The connection between electricity and magnetism was discovered by accident.
In 1820, Hans Christian Oersted planned to demonstrate the heating of a wire by an electric current, and also to give demonstrations of magnetism, for which he had a compass needle mounted on a wooden stand. He noticed that whenever the current was switched on in the wire, the compass needle moved.
Oddly, the compass needle was neither attracted nor repelled by the wire.

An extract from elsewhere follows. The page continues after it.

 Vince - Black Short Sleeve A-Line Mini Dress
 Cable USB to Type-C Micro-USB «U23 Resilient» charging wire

Instead, it was perpendicular to the wire and the magnetic influence was circular around the wire, only as long as current flowed through it.

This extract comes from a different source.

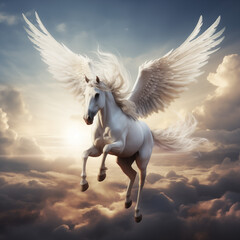 Obraz na płótnie Canvas Pegasus Flying in the sky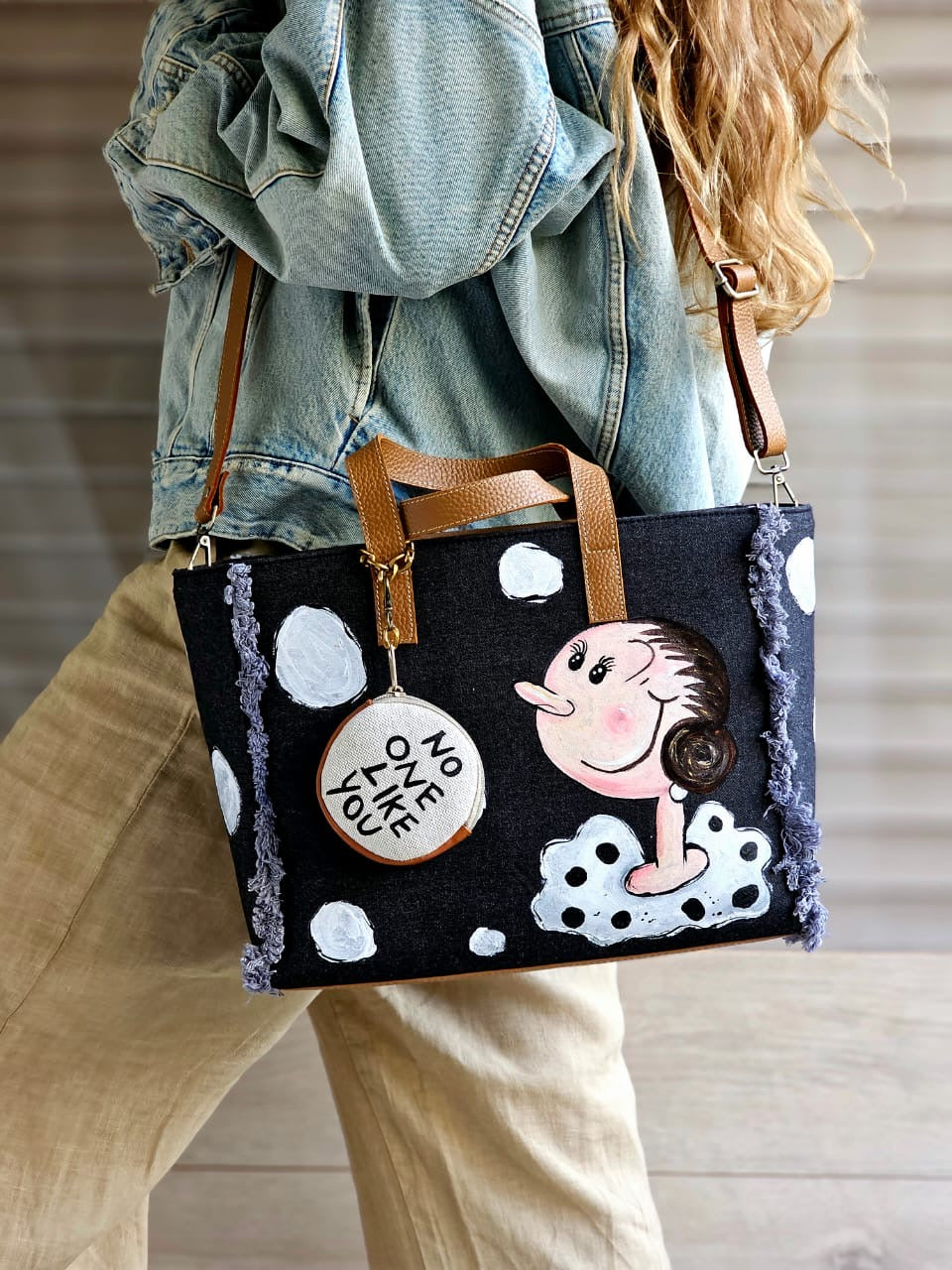 Black Jeans Tote Bag Olive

Oersted’s discovery opened up a major field of scientific inquiry that became the subject of study all over Europe.
Michael Faraday, a brilliant English scientist, was part of this effort and in 1821 put it to work to invent electromagnetic rotation, the principle behind the electric motor.

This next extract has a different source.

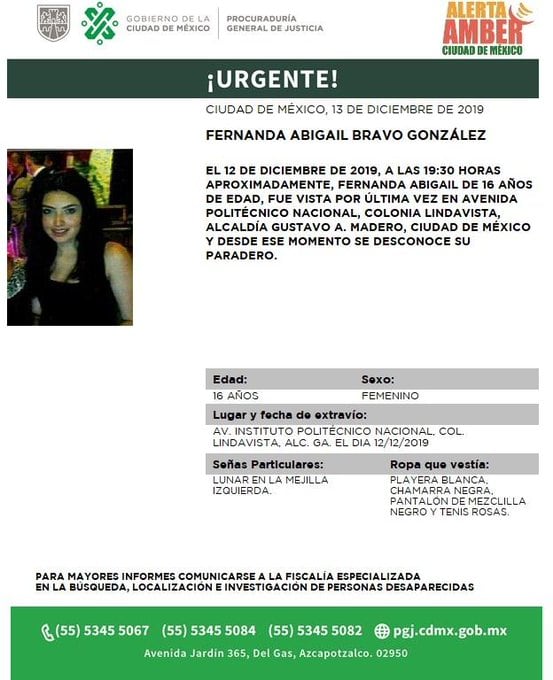 Fernanda Abigail Bravo González. Alerta Amber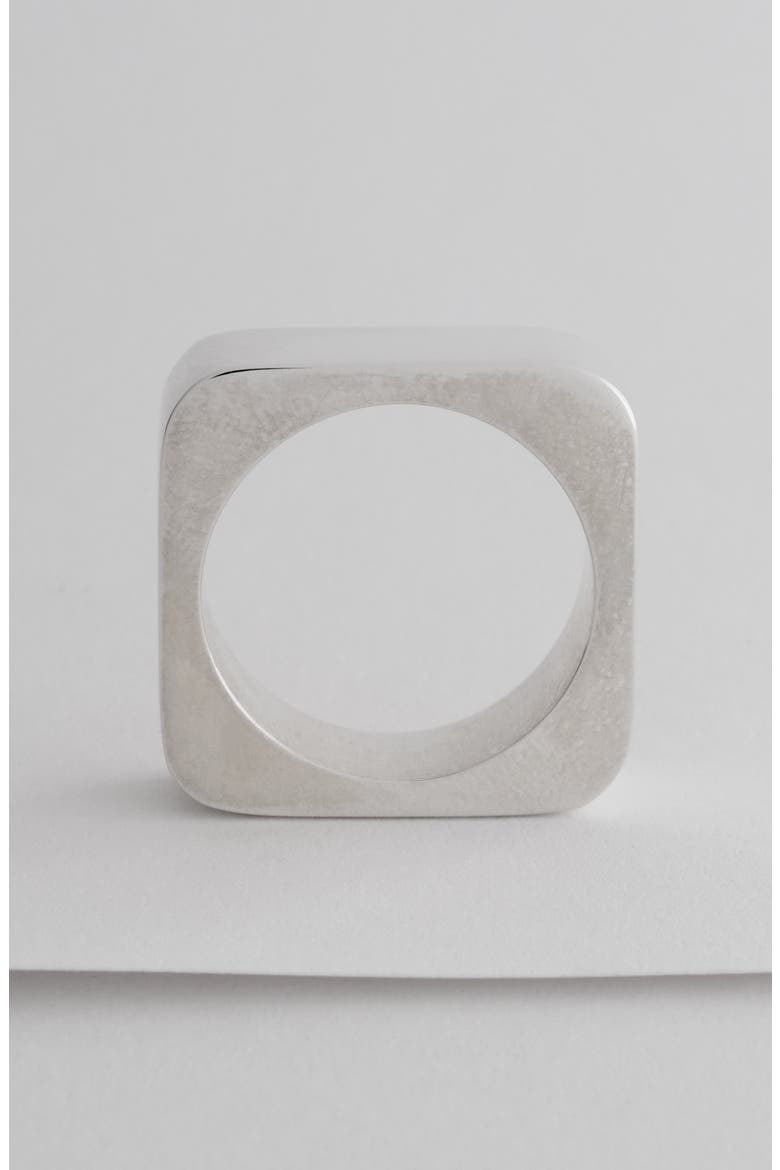 Square Ring in Solid Sterling Silver, Alternate, color, Polished Silver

Faraday was working on a number of other projects, and it was 10 years before he could return to the study of electricity and magnetism.
In 1831 he discovered that the magnetism generated by a coil of wire could generate an electric current in another coil, thereby building the first electrical transformer. A few months later he rotated a copper disc between the poles of a horseshoe magnet to generate a continuous direct current. This was the first generator. He had discovered that a changing electric field induces a magnetic field, and a changing magnetic field induces an electric field.
Faraday was not mathematically trained and had difficulty understanding the mathematical musings of Ampere and others who were studying the EM phenomenon.
Instead, he visualized a magnet as if there were lines of magnetic force emanating from it and curving around it to the magnet’s other pole.
He then expressed the electric current induced in the wire in terms of the number of lines of magnetic force that the wire “cut” through.
Most of the mathematical physicists of Europe rejected or openly ridiculed the “lines of force” concept, but it captured the attention of James Clerk Maxwell, a Scottish theoretical physicist.
In 1873 Maxwell published “Treatise on Electricity and Magnetism,” in which he summarized and synthesized the discoveries of Coloumb, Oersted, Ampere, Faraday and others in four equations that are used today as the basis of EM theory.
At the beginning of the treatise Maxwell wrote, “Before I began the study of electricity I resolved to read no mathematics on the subject until I had first read Faraday.”
This was a significant and brilliant move.
Faraday’s work had made little sense to mathematicians who could not visualize those imaginary lines of force. But Maxwell was a skilled and creative mathematician who saw a way to describe the field lines and their changes mathematically.
The equations predicted that a combined electric field and magnetic field could propagate perpendicular to one another through space by a process of mutual induction: A changing magnetic field induces a changing electric field, which induces a changing magnetic field, and so on.
His calculations showed that the mutual induction would have the form of undulations and could only sustain itself if it moved at the speed of light.
In the following decade Heinrich Hertz generated and detected EM waves, which led ultimately to the generation, transmission and proliferation of radio waves.
Today we live in a dense sea of EM radiation of all possible wavelengths, the vast majority of it as undetectable to our naked senses as water is to a fish. Some of them are naturally occurring, and some are man-made, but we are deeply immersed in them.
Some, like sunlight, are intense. Others, like the radio signals exchanged with a spacecraft 10 billion miles from Earth, are infinitesimally small.